One of the victims, 29 year-old inmate Tyler Townsend had called his mother in Benbrook the night before. “I said, ‘Let’s pray for a safe journey. Call me Sunday night,’ ” Petra Townsend recalled. “He said, ‘OK.’ ”  “I said, ‘I love you.’ He told me he loved me too, and that was it.”

She admitted that her son chose his own journey outside of the law early on, using drugs as a teenager. He went to prison twice before, for drugs and other crimes, including car theft, but managed to graduate from an alternative school, and even tried college. “I always believed he was going to change that path,” his mother told reporters. She felt that Tyler believed it, too. Sentenced to three years, Tyler was denied an early release on Dec. 28, and was scheduled to come back home next January.

A deeply religious woman, Mrs. Townsend said her son had recently been baptized in prison. She said her faith does not have room for laying blame for her son’s death. “That’s part of a plan we can’t understand. This is God’s business. This is God,” she repeated. “No, no, no. Don’t question.”

I am fairly certain that none of the men involved in this tragedy woke up that morning and expected to end up later that day in a box. Talk about bad timing – the weather, an icy overpass, the train schedule. But when it comes to death, what would be good timing? Maybe if you are 98 and languishing in a nursing home with a worn out shell of a body and a mind that long ago faded away into faint shadows of the past?

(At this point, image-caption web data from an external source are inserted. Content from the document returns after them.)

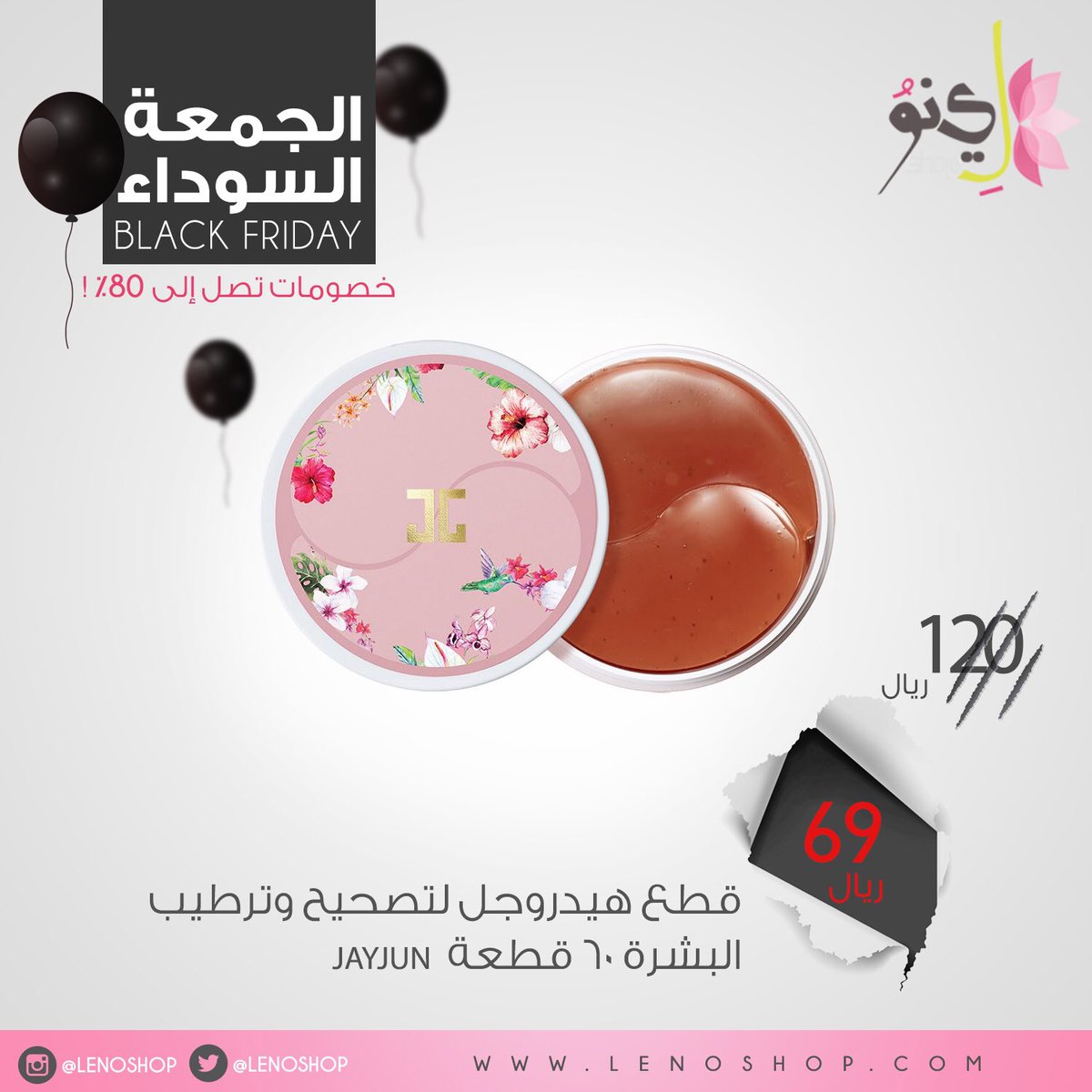 Leno Shop- متجر لينو tweet media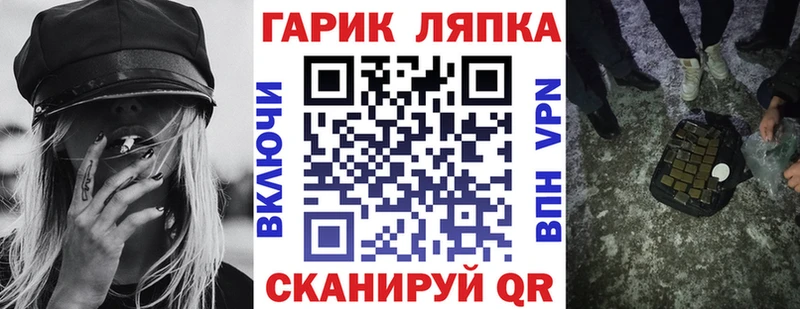 ГАШИШ VHQ  Купить  Невельск 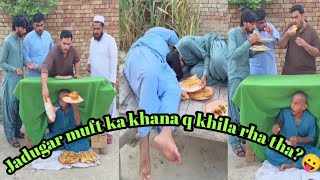 Jadugar muft ka khana q khila rha tha😛 [upl. by Jerri43]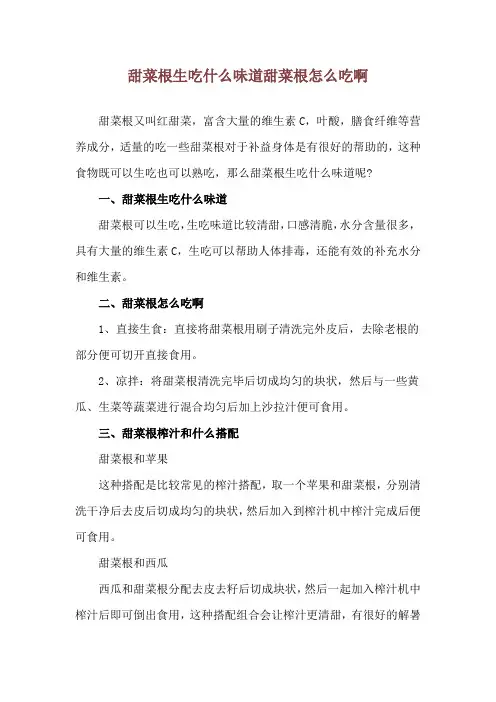 甜菜根生吃什么味道 甜菜根怎么吃啊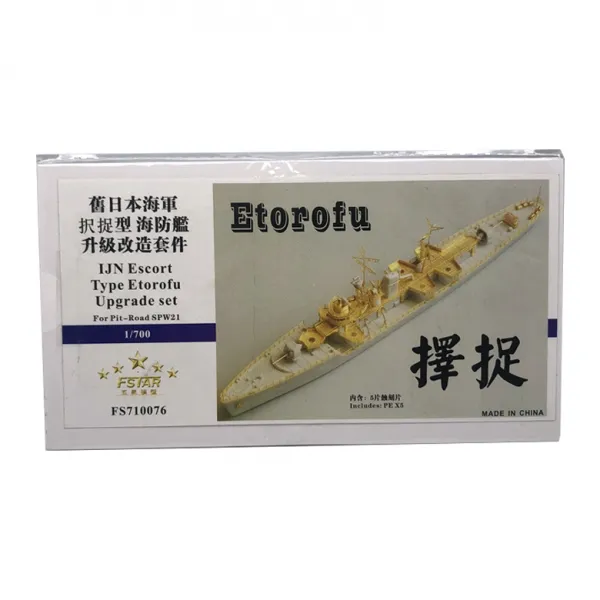 FSTARmodel 1:700 WW2 IJN Escort Type Etorofu Upgrade 세트 For Pit-road SPW21 프라모델 파츠 FX270, 혼합 색상
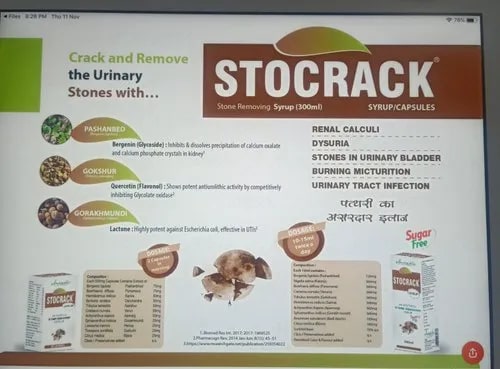 Strocrack Capsules For Renal Calculai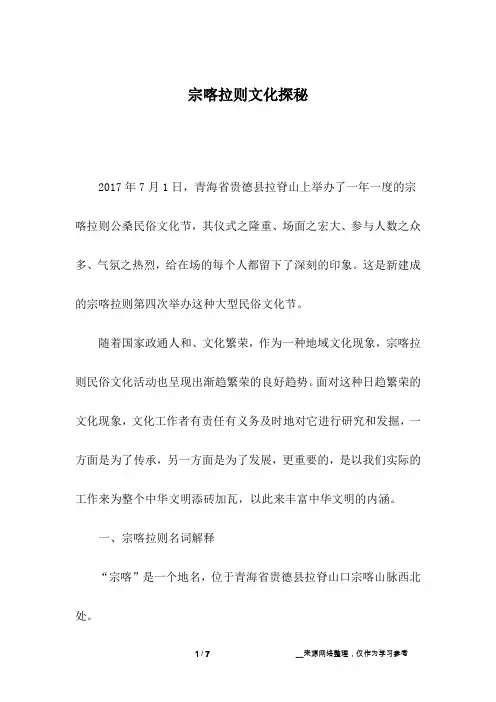 宗喀拉则文化探秘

I’m going to file this story in a folder I call “My Last Breath is . . . When?” It’s a collection of news items that address the utter frailty of life, and our reluctance to admit or expect just how quickly it can change or even cease. I may post a few of those reports as time goes on. For now, considering my own inevitable fate I must reluctantly acquiesce, concurring with the admonition from James 4:14: “Yet you do not know what your life will be like tomorrow. You are just a vapor that appears for a little while and then vanishes away.”